JDJ Feedback Special

(September 22, 2003) - Opinions in the Java community seem completely divided as to whether the Java Desktop System is a stroke of genius by Sun or a "bridge too far" in terms of marketing stretch.

Alan Williamson's opinion piece, "Does Sun's Desktop System 'Hijack' the Java Brand?" acted as a lightning-rod for arguments on both sides of the issue. JDJ Industry Newsletter here provides a round-up of the best comments received to date.

Many Java developers seized the opportunity presented to them by Williamson's piece to express the view that what Sun needs to develop is faster, easier, and better tools to develop and deploy (desktop/Web) applications regardless of what those tools might actually be called. In other words, while acknowledging that marketing is key to any lasting success, their worry is that marketing will only take you so far.

"qmdb" for example writes: "The Sun Desktop project will not be a success. The weak point of a Sun product is always the User Interface. Sun is not capable of building a normal GUI, so building a complete Desktop will be very hard for them."

Others seem more concerned about the confusion that almost inevitably is going to ensure when a desktop system based on Linux is served up to the outside world as a 'Java' Desktop System.

"If it's not Java don't call it Java."

Leroy Beaversdorf writes candidly, "This is the third (fourth?) name change from Sun in the last 18 months or so. WorkShop, Forte, Sun ONE, Sun Java...What's next?"

"This is not the worst of it," intones Marcos Polanco. "By using 'Java' in their own products - JDS, JES, java.com, java.net - Sun is no longer the 'technological Switzerland.' In the old system, it used 'SunONE', IBM used 'WebSphere', and BEA used 'WebLogic' when talking about their platforms...'Java' was a neutral force."

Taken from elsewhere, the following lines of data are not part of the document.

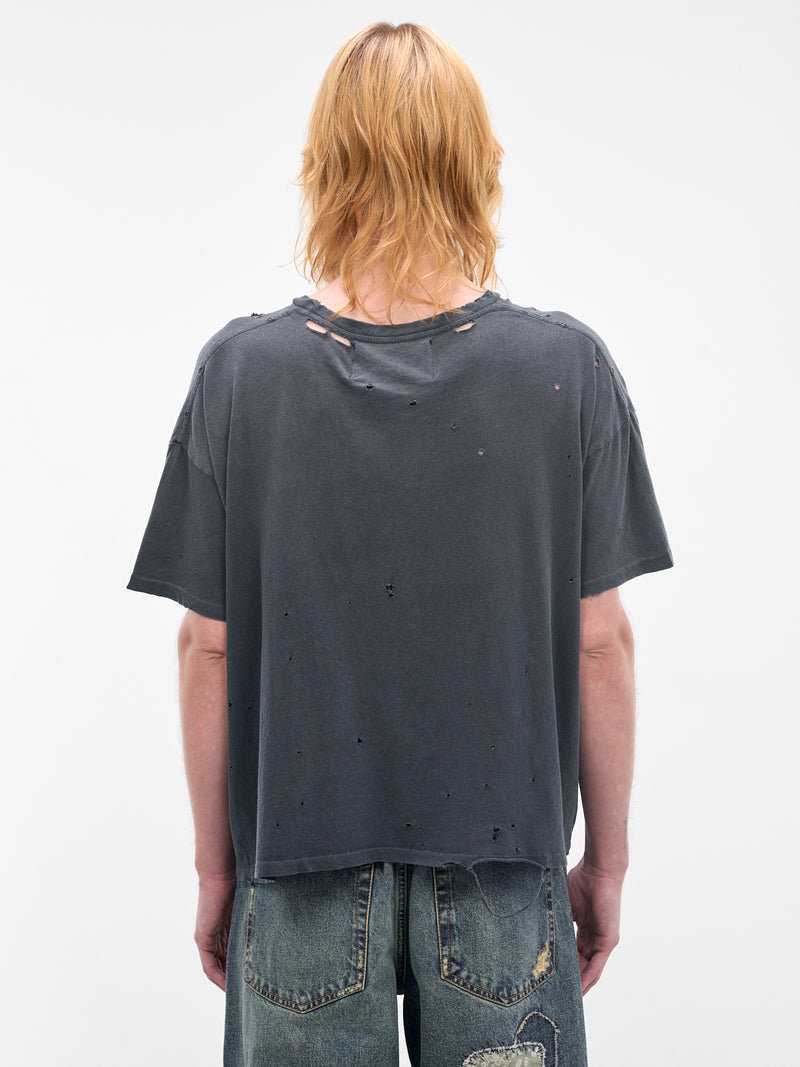 Paly x Rolling Stones Mosquito Tongue Tee (2U002Q2021VBK-VINTAGE-BLACK)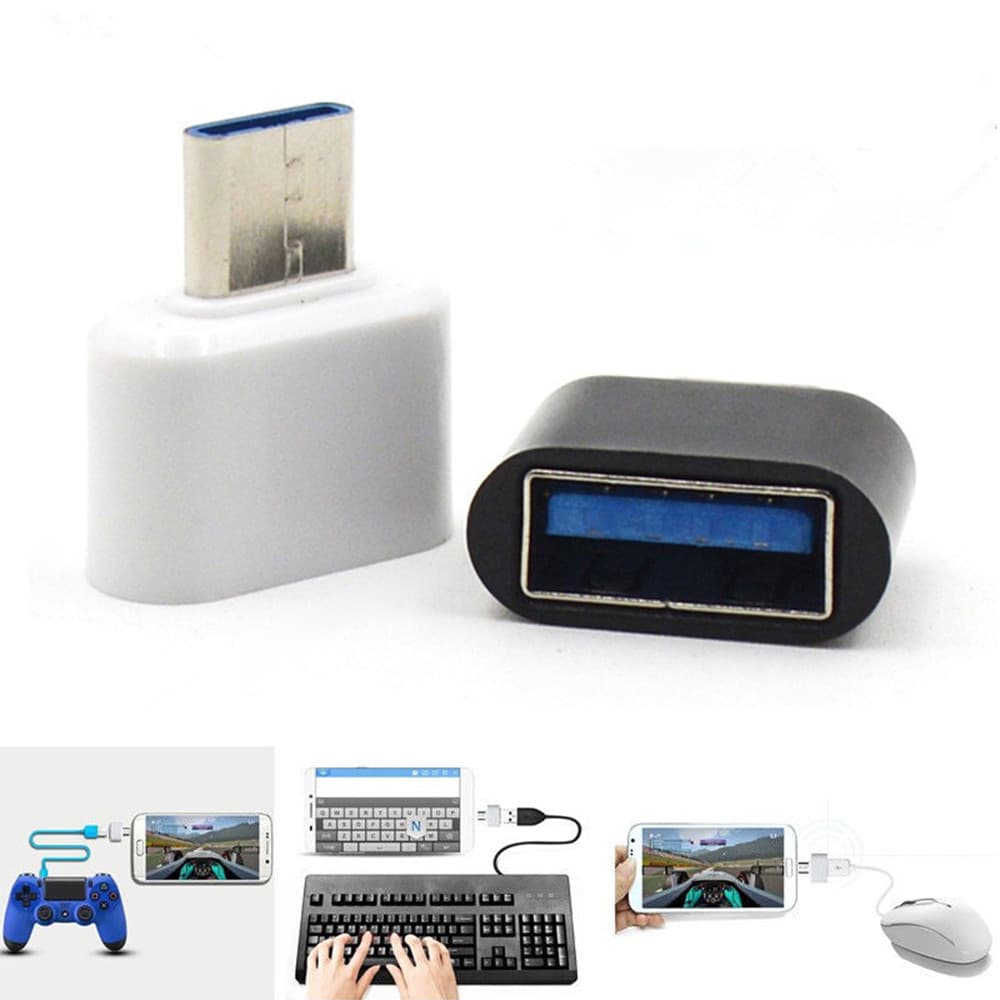 USB till C USB - Inbyggd OTG Adapter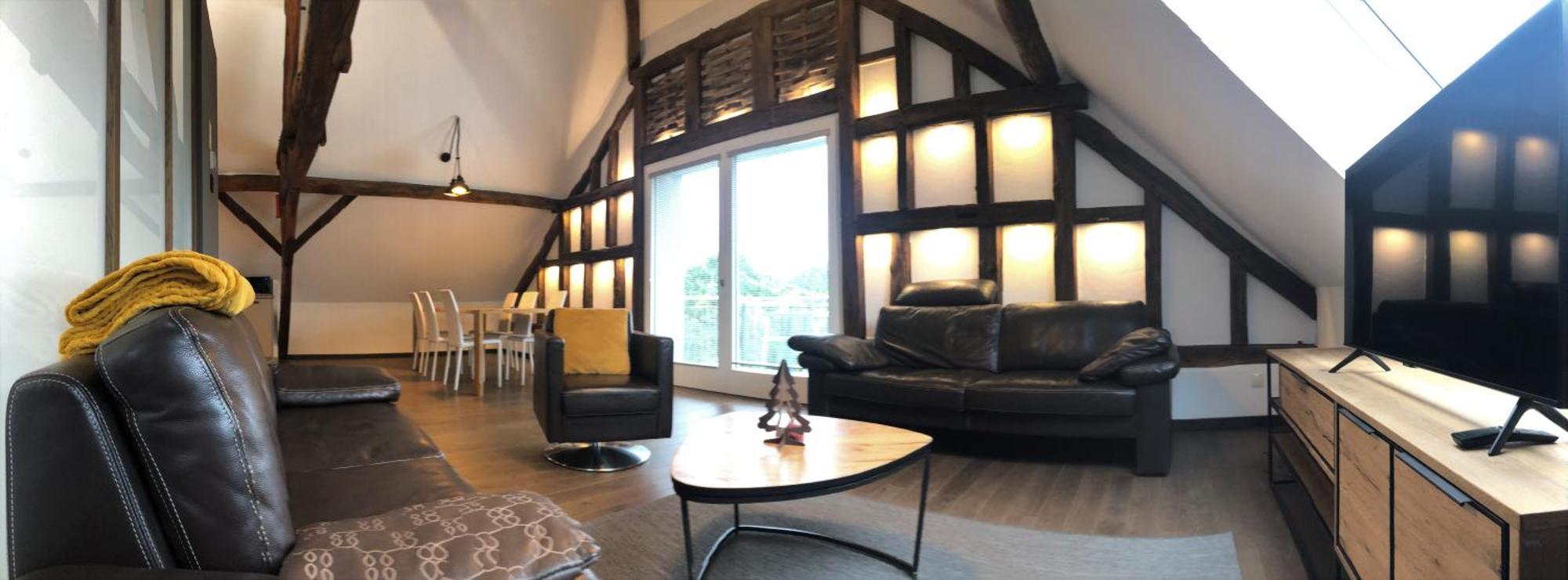 Ferienwohnung POSTRELAIS ARDENNES Belle-Vue Burg Reuland Exterior foto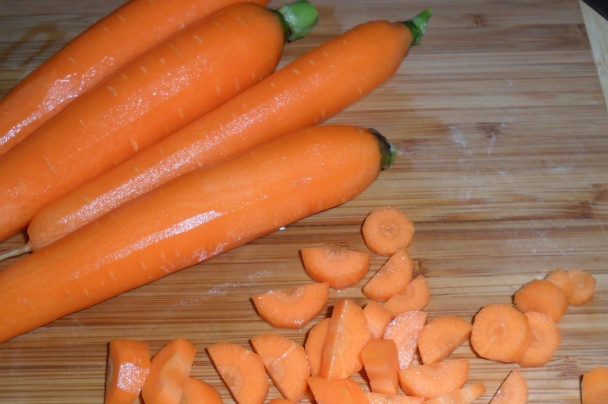 Rybka, šalát - vegan (fotorecept) - obrázok 1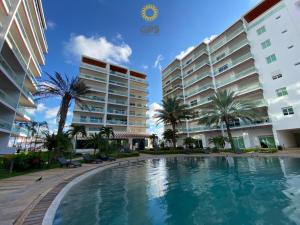 Depa con hermosa vista desde terraza by G P S rentas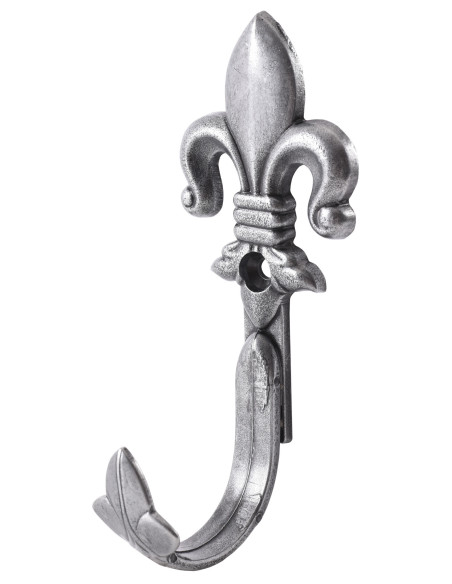 Set of 2 silver medieval supports for...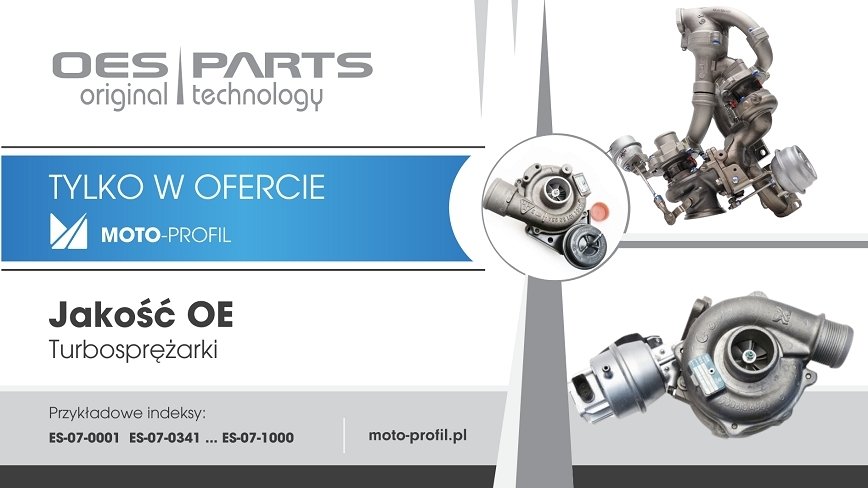 Turbosprężarki OES-PARTS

In other words, Polanco takes the same basic position as Alan Williamson, although - unlike Williamson, who sees it from Sun's side too - his tone is altogether gloomier.

"By hijacking the name for their own products," Polanco concludes, "Sun is making it more difficult for others to play the Java game. Linux has remained neutral, and is reaping the benefits. Another one bites the dust."

Another developer, identifying himself only as Mark, takes this line of criticism one stage further, extending the question-mark to Sun's strategy as a whole.

"Sun is trying to gain access to the desktop market as other big and powerful companies have," he writes, referencing IBM's os2 warp, and Oracle's New Internet Computers (NICs). "They failed miserably," continues Mark. "Why? NO APPLICATIONS, AND NO PC VENDORS ON BOARD."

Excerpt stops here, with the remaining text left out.